(Dataset items)

════════════════════

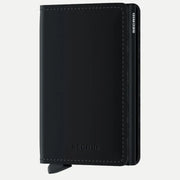 Portefeuille plat en cuir noir mat fermé, debout de face, boîtier noir en tranche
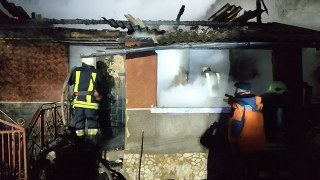 На Самбірщині через пожежу в житловому будинку загинули батько і син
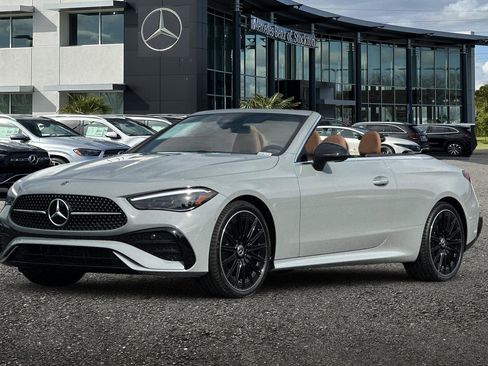 New 2026 Mercedes-Benz CLE 300 4MATIC Cabriolet image 8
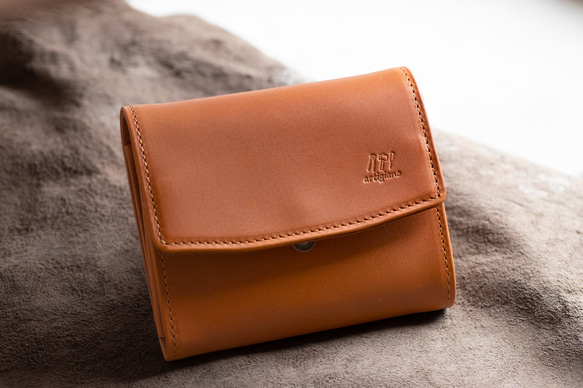 小さな存在、大きな魅力】ギャルソンウォレット 二つ折り財布 ヌメ革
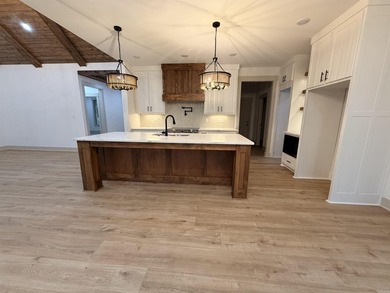 Mt Harbor in the Prestige Harbor South Community. This home - photo 5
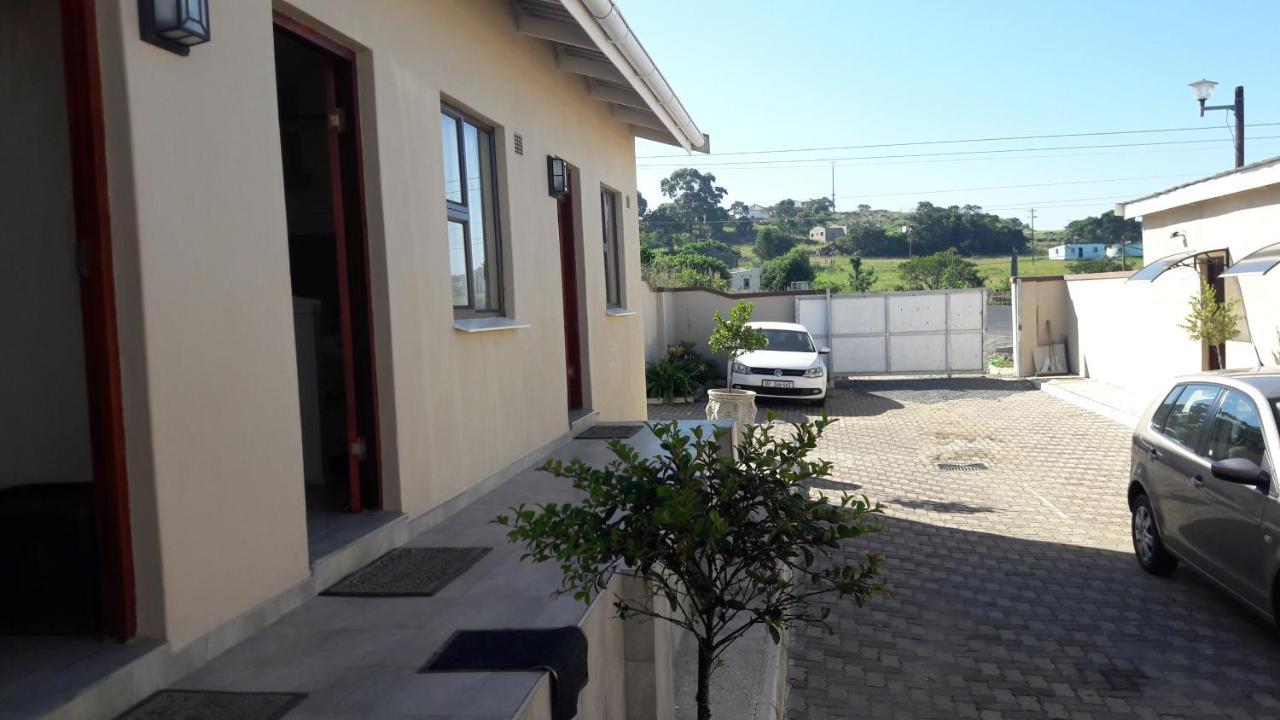 Emampingeni lodge Bizana Buitenkant foto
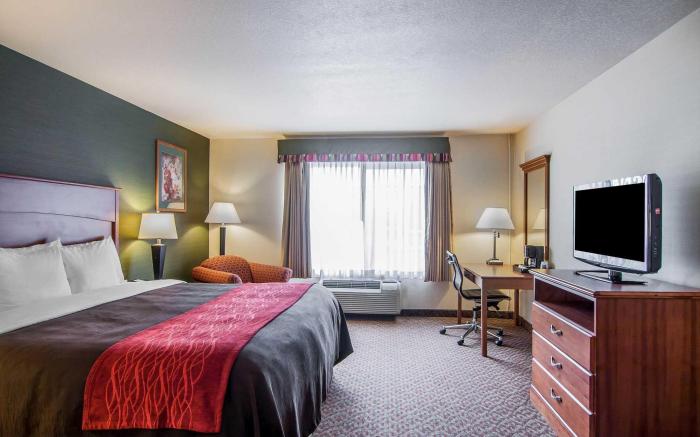 Comfort Inn & Suites Salem Northeast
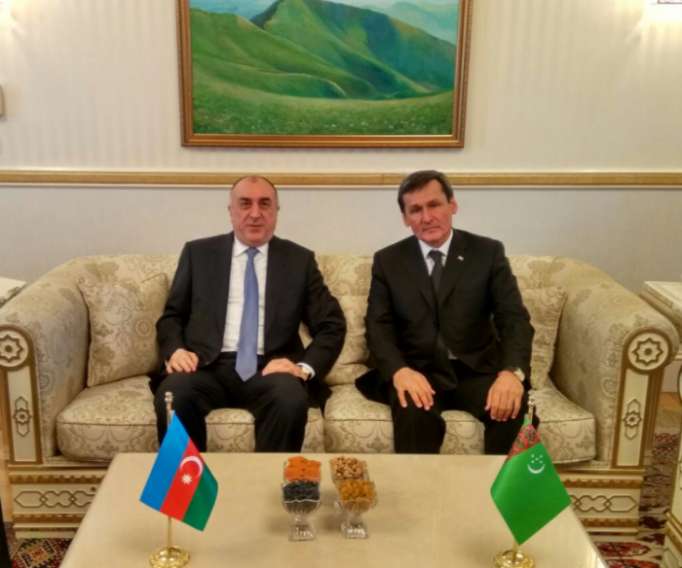 Le ministre azerbaïdjanais des Affaires étrangères rencontre son homologue turkmène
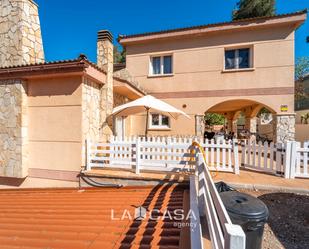 Exterior view of House or chalet for sale in Olesa de Bonesvalls  with Terrace and Balcony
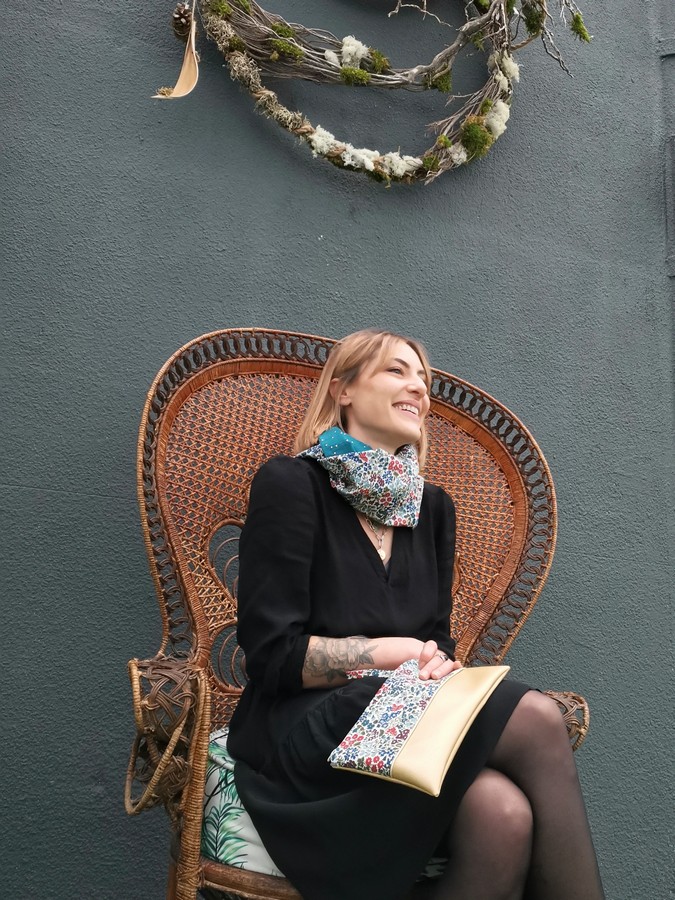 Mademoiselle-pap-et-cie-duo-creatices-snood-pochette-a-main-liberty-sweet-may-forest (4)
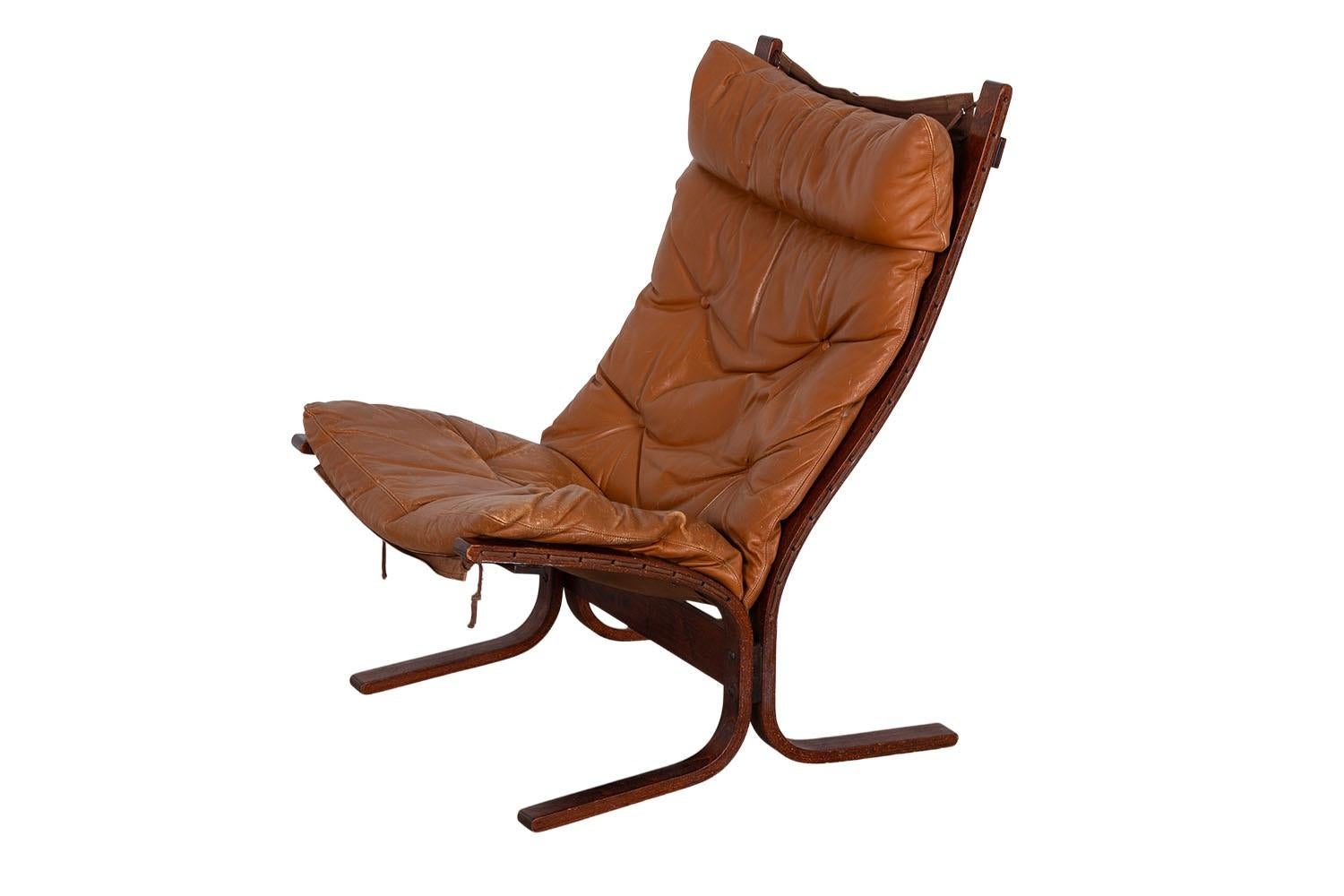 Mid-Century “Siesta” Leather Lounge Chair by Ingmar Relling for Westnofa For Sale 1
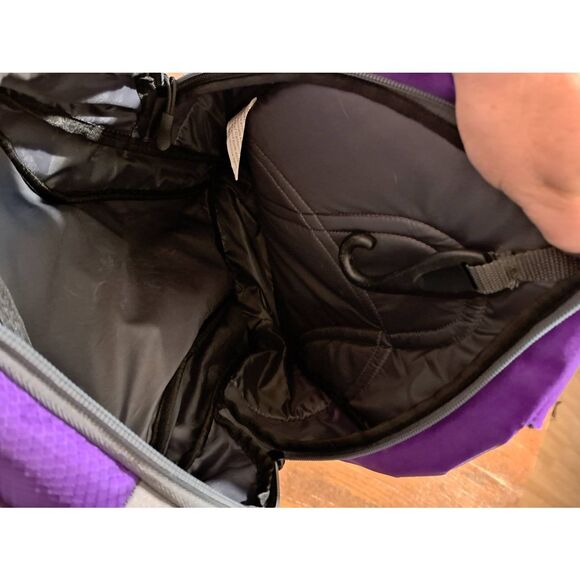 Louisville Slugger Purple Gray 16" Softball Baseball Backpack Bag w/ Bat Holders - Picture 3 of 3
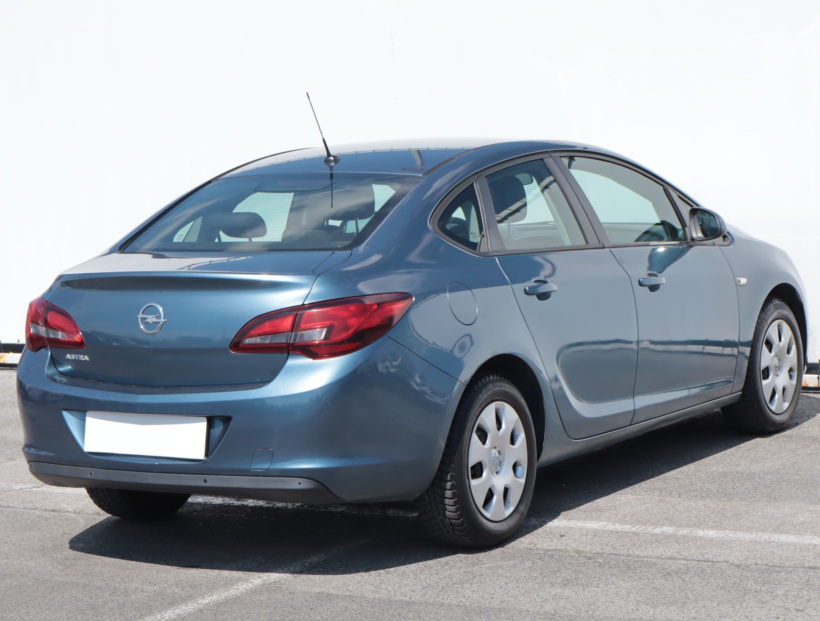 Opel Astra, 2013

════════════════════

Problem to solve:
Line by line, write out the records above exactly, skipping the pictures.

Solution for this exercise:
 Portefeuille plat en cuir noir mat fermé, debout de face, boîtier noir en tranche
 На Самбірщині через пожежу в житловому будинку загинули батько і син
 New 2026 Mercedes-Benz CLE 300 4MATIC Cabriolet image 8
 小さな存在、大きな魅力】ギャルソンウォレット 二つ折り財布 ヌメ革
 Mt Harbor in the Prestige Harbor South Community. This home - photo 5
 Emampingeni lodge Bizana Buitenkant foto
 Comfort Inn & Suites Salem Northeast
 Le ministre azerbaïdjanais des Affaires étrangères rencontre son homologue turkmène
 Exterior view of House or chalet for sale in Olesa de Bonesvalls  with Terrace and Balcony
 Mademoiselle-pap-et-cie-duo-creatices-snood-pochette-a-main-liberty-sweet-may-forest (4)
 Mid-Century “Siesta” Leather Lounge Chair by Ingmar Relling for Westnofa For Sale 1
 Louisville Slugger Purple Gray 16" Softball Baseball Backpack Bag w/ Bat Holders - Picture 3 of 3
 Opel Astra, 2013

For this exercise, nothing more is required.